• _EXERCISE INSTRUCTIONS_
Write out the data below exactly as given, without any of its pictures.

[RAW DATA — start]

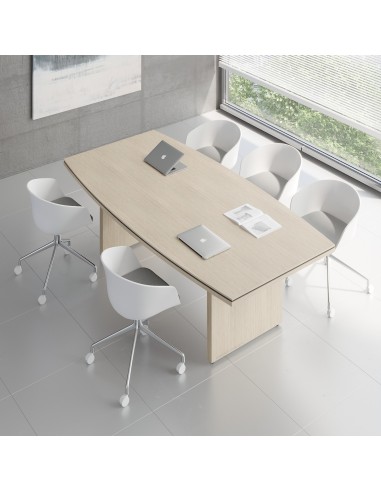 Grande table de conférence en bois clair avec sièges blancs sur roulettes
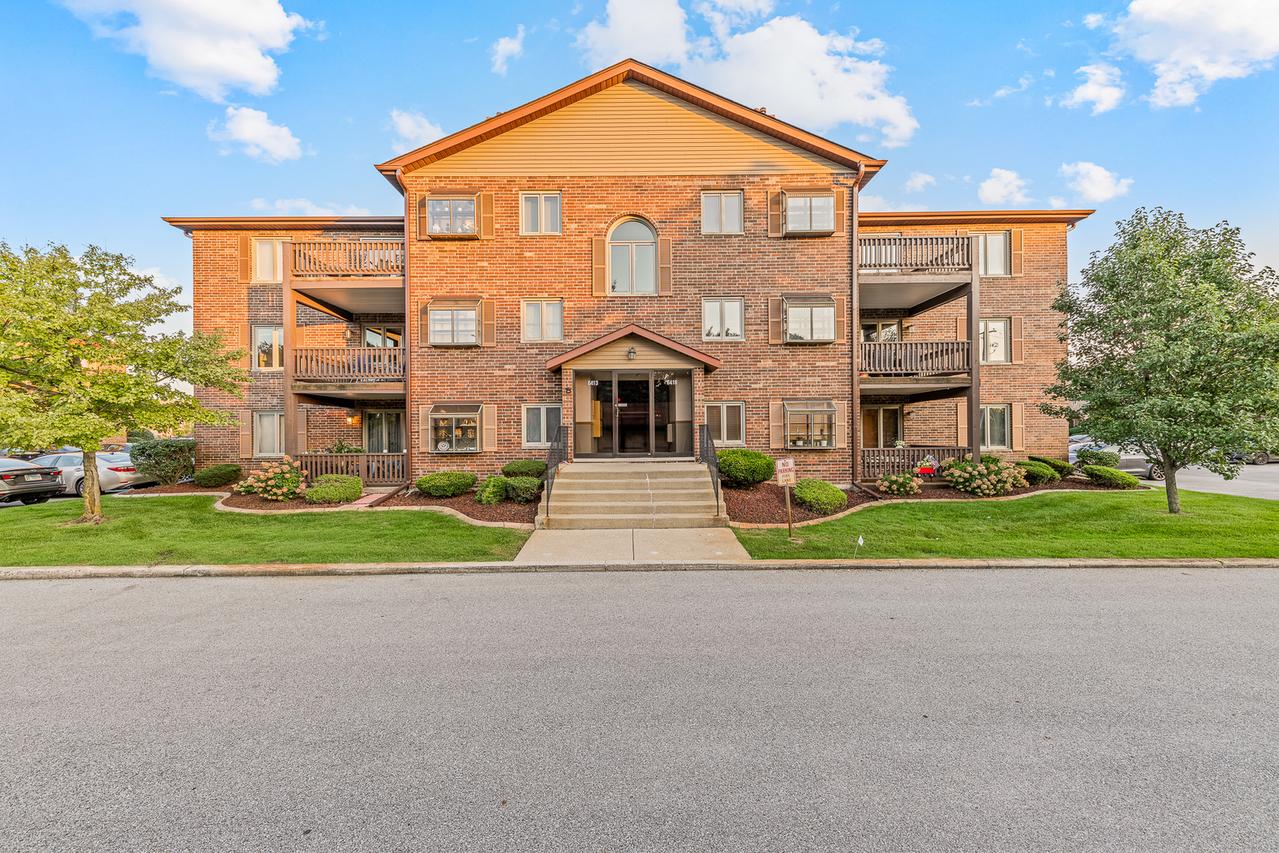 6419 Oak Forest Ave. #1N, Tinley Park, IL 60477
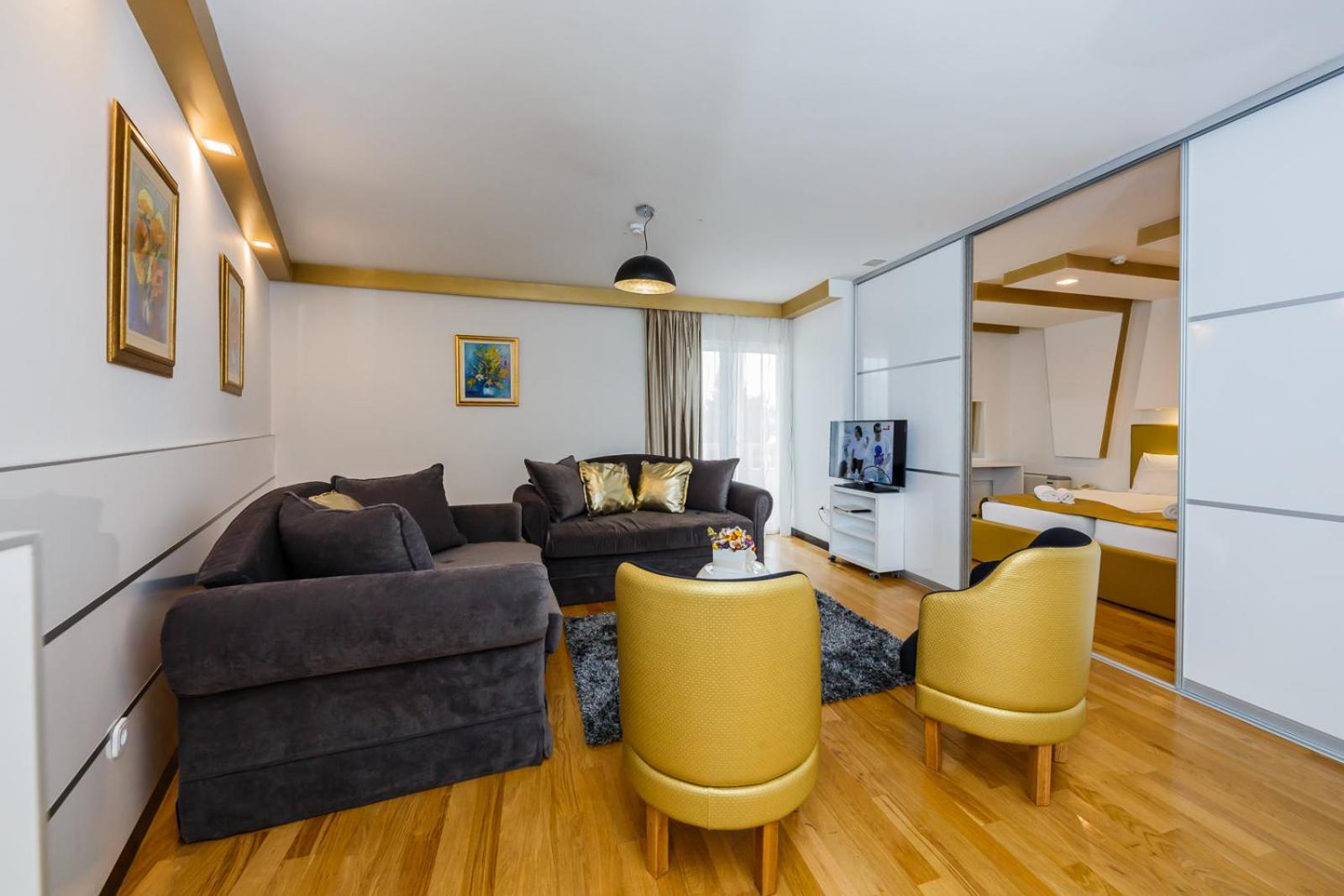 One-Bedroom Apartment - Photo 2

[RAW DATA — finish]

• _OUTPUT FOR THIS TASK_
 Grande table de conférence en bois clair avec sièges blancs sur roulettes
 6419 Oak Forest Ave. #1N, Tinley Park, IL 60477
 One-Bedroom Apartment - Photo 2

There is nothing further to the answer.